Николай утюжил пятерней шуршащую кальку:
— Добре придумано, Анатолий Андреевич. Только одно есть дело: как Куренной на это поглядит? Он, по-моему, уже лыжи навострил.
— Николай Алексеевич, сегодня в четыре часа дня Туранов подписал один приказ… В общем, я назначен директором подсобного хозяйства. Куренной уходит. Заявление подал. Туранов удовлетворил его просьбу.
— Эх, Степан-Степан… А ведь башка. Чего это он задурил? Что я могу сказать, Анатолий Андреевич, дело стоящее.
— И Иван Викторович Туранов то же самое сказал.

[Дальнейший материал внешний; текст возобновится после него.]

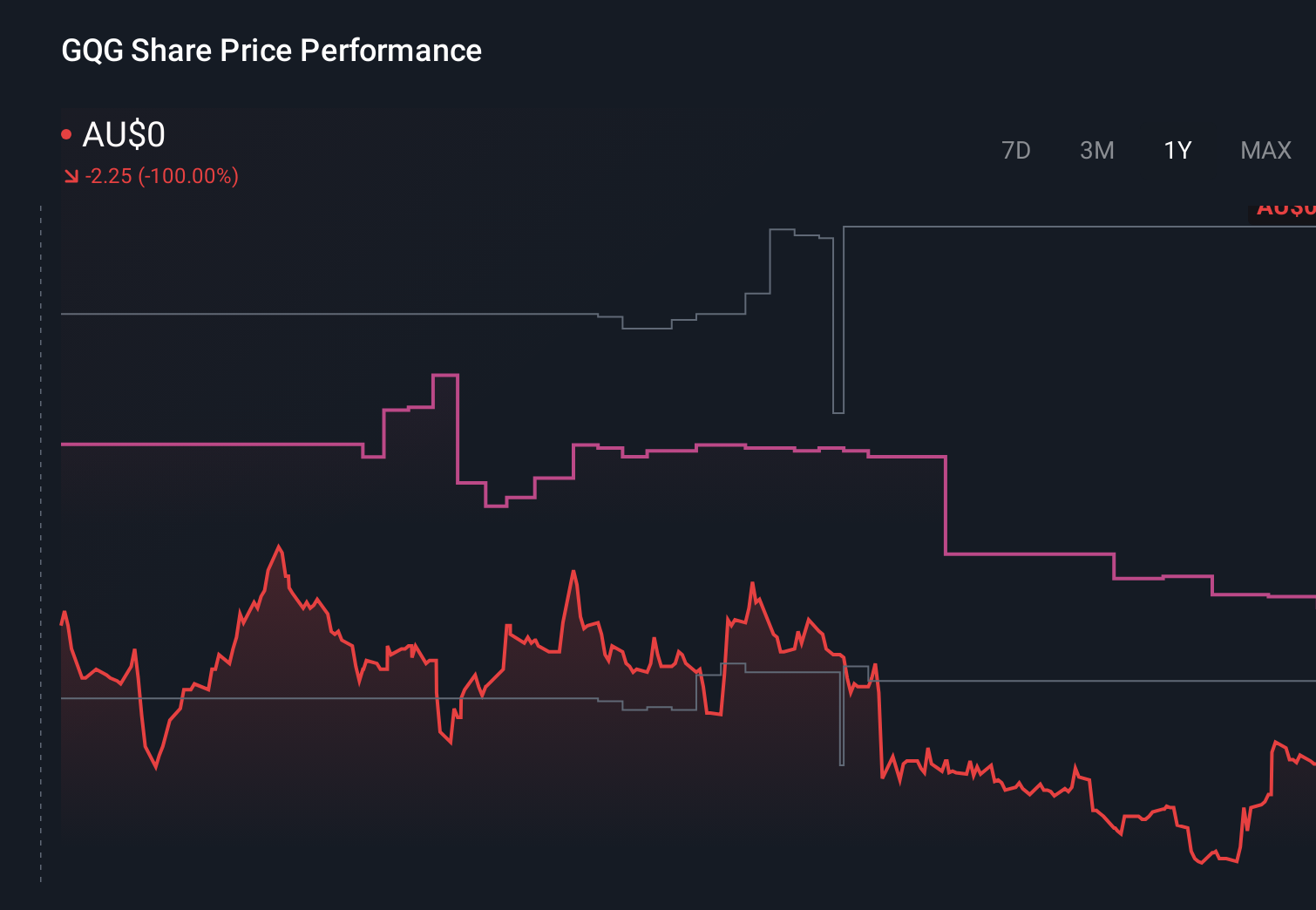 ASX:GQG 1-Year Stock Price Chart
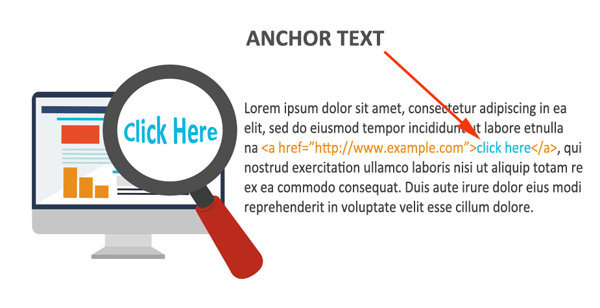 optimisation-seo-ancre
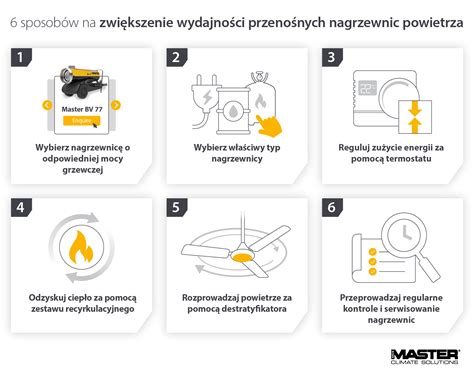 Jak zmniejszyć koszty paliwa i energii podczas korzystania z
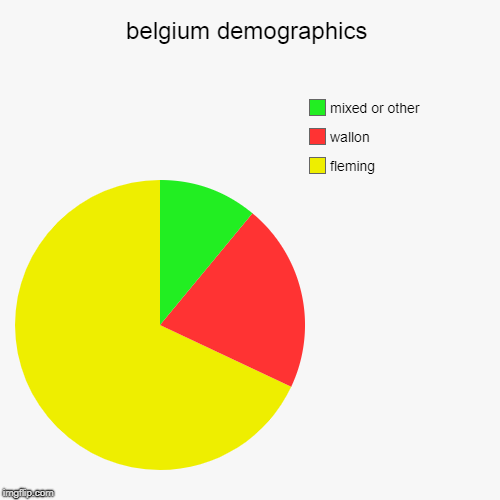 belgium demographics | fleming, wallon, mixed or other | image tagged in pie charts | made w/ Imgflip chart maker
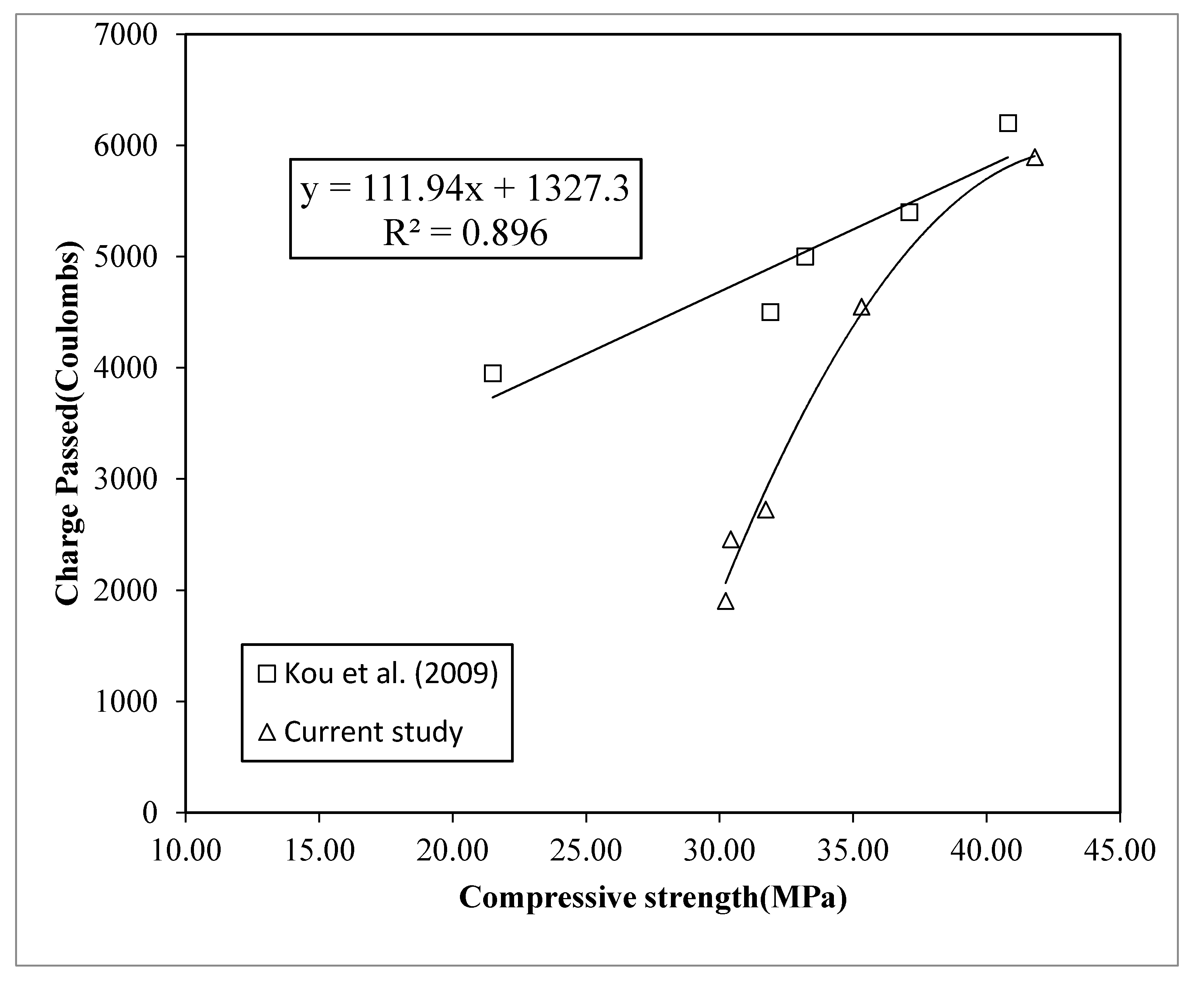 Sustainability 15 04114 g011
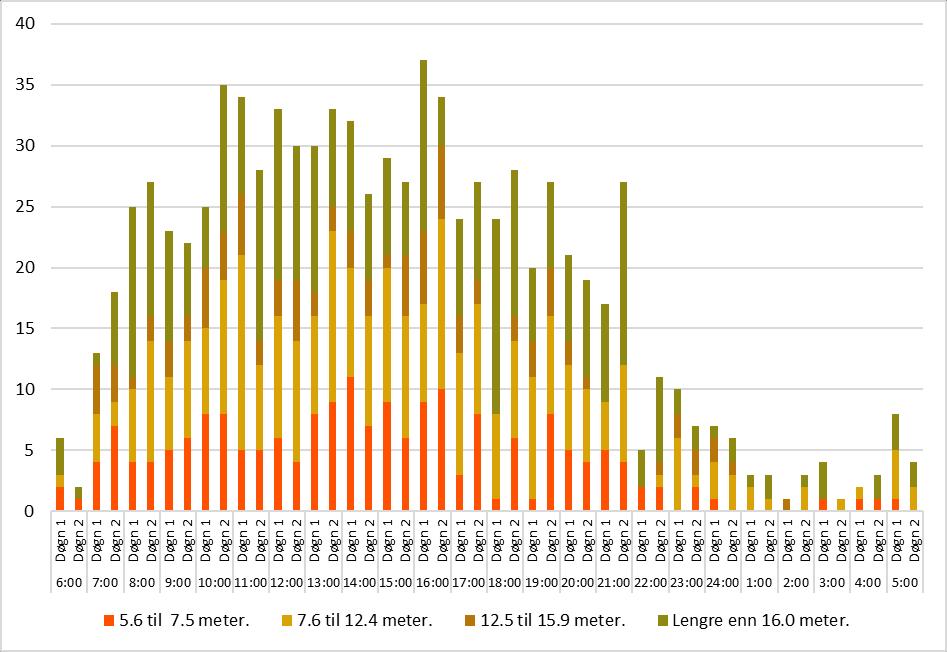 Figur 3-89: Antall kjøretøy over 5,6 meter i undersøkelsesperioden på RV 15 Markane (øst for Kjøs bru) etter lengdekategori og klokkeslett.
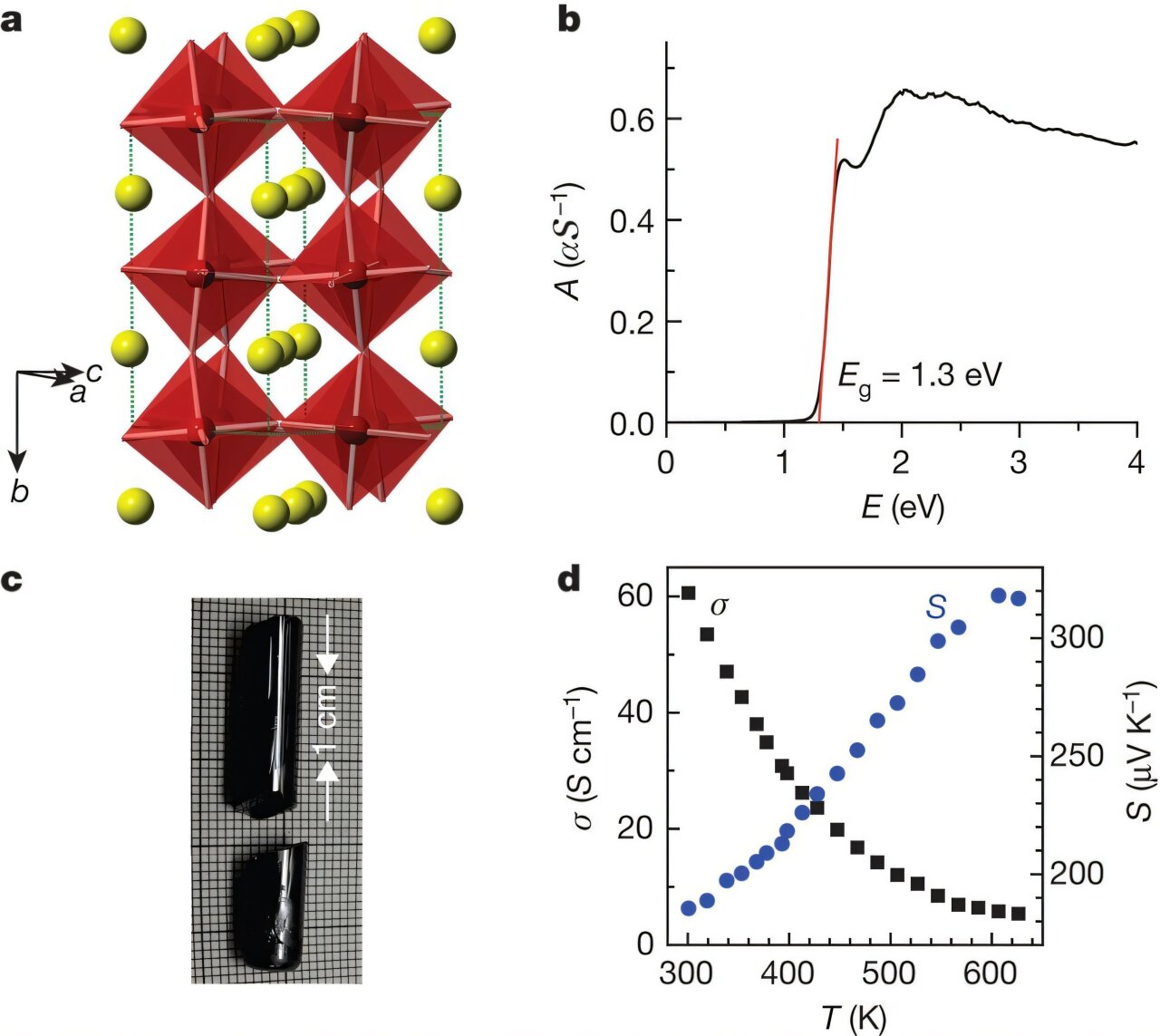 The quiet experiment that changed solar power: First solid-state solar ...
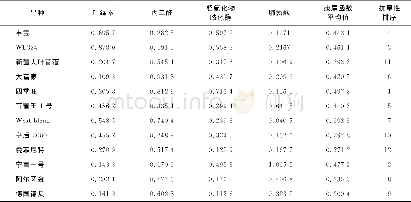《表1 0 隶属函数综合排序Table 10 Comprehensive ranking of subordinate function》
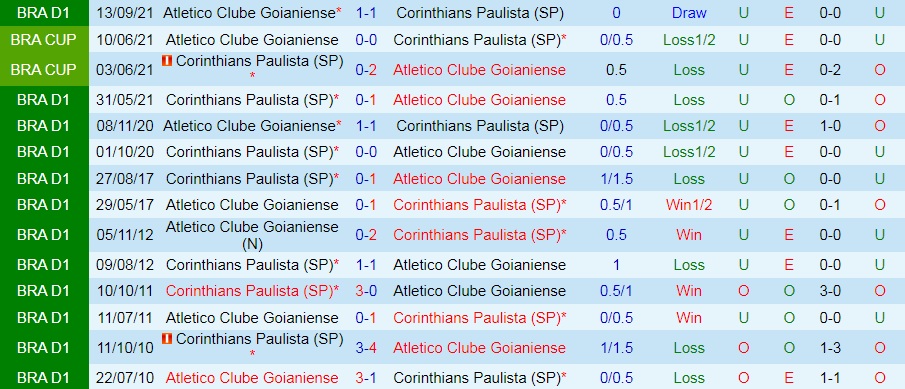Goianiense vs Corinthians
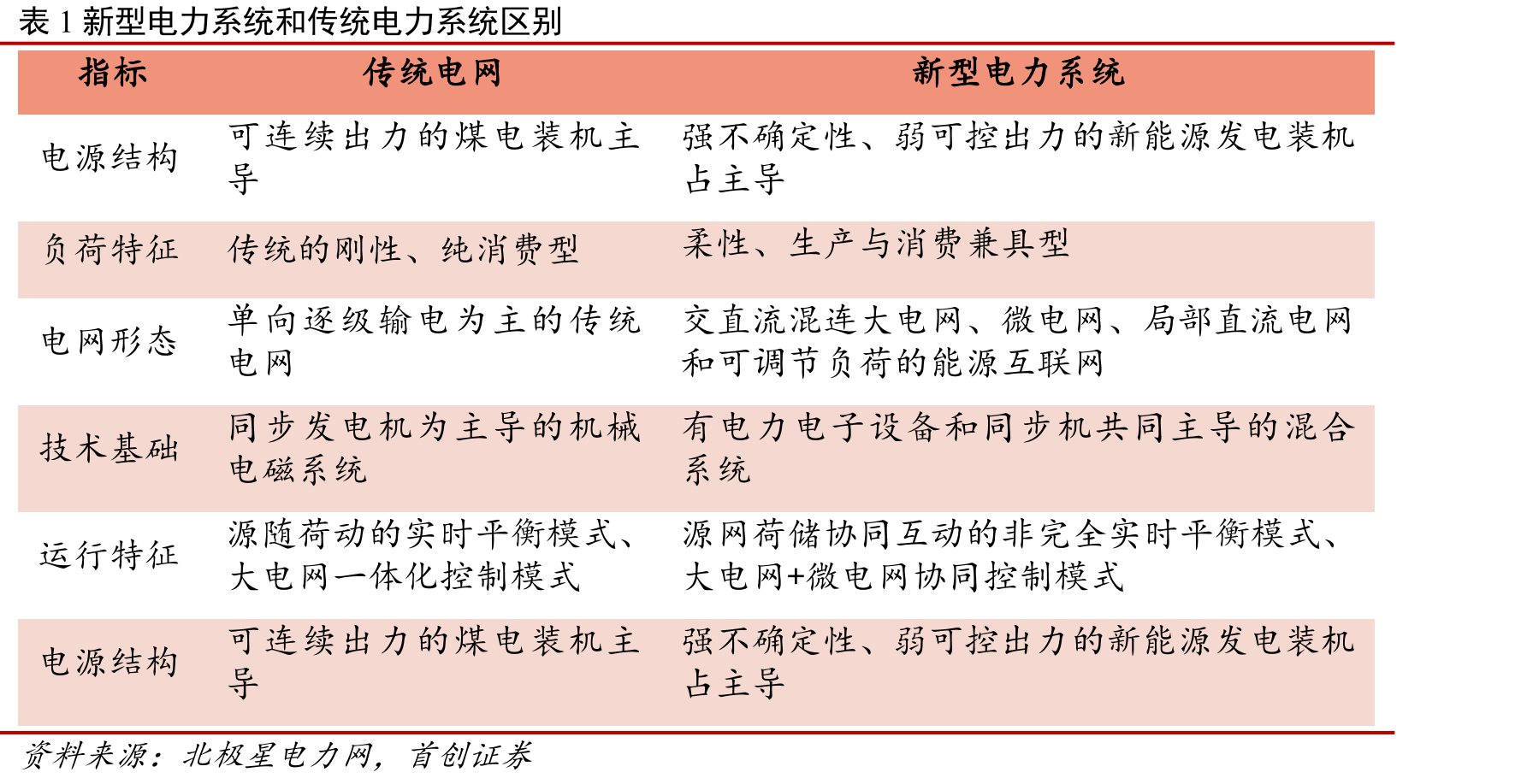 图15五大发电集团均发布了2025和2035年清洁能源装机占比目标_第4页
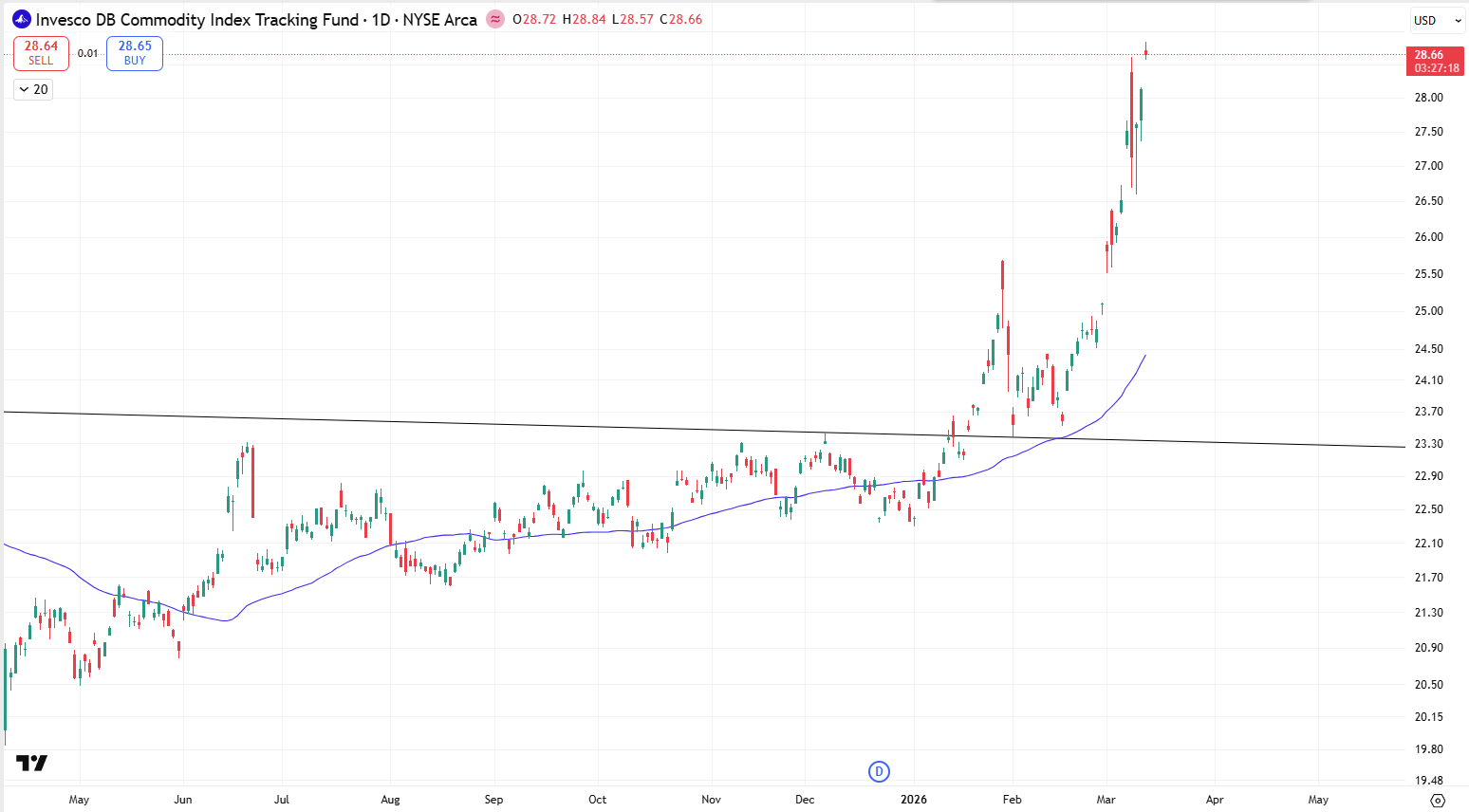 Booking Partial Profits on Invesco DB Commodity Index Tracking Fund ...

— Так вы и ему уже сообщили?
— Да. Сегодня я был у него и в парткоме на беседе.
— Тогда что ж, надо полагать, с весны начнете?
— Не с весны, а с завтрашнего дня, Николай Алексеевич. Завод дает пять тонн труб, арматуру, технику кое-какую. Мы, со своей стороны, бросаем туда два бульдозера и шесть машин. Сварщиков трех даем. Четверых завод пришлет. В общей сложности насчитали до двадцати человек. Канавокопатель уже пришел с завода, только что загнали в гараж. Вот так. Дело теперь за человеком, которому можно поручить все это. У вас нет мыслей на эту тему?
— Ага. Ну-ка, прикинем. А если Грошева, Анатолий Андреевич? Он мужик въедливый. И с народом умеет. Нет, по выпивке бывает с ним иногда. А вот Гришу если? Точно, Гришу Ковальчука. Он и техникум окончил, и сил у него много. Точно. Парень хороший, добросовестный. А то что ж, после техникума и слесарем? Пора выдвигать, Анатолий Андреевич. Пора.
Кулешов молча рисовал дерево прямо на полях карты. Спохватился, виновато улыбнулся, закрыл карту:
— А если б это дело я попросил возглавить вас, Николай Алексеевич? Ведь в свое время вы были главным инженером колхоза.
— Да какое то было время? Тогда, чтоб техникой командовать, надо было уметь жатку отремонтировать. Больше и знать не надо было. Нет, для такого дела я непригодный. Был я и в бригадирах, и в начальниках участка, всякое видел. Лучше всего за себя отвечать. Тут я вам могу гарантию выложить: с моей стороны все будет как надо. А за других…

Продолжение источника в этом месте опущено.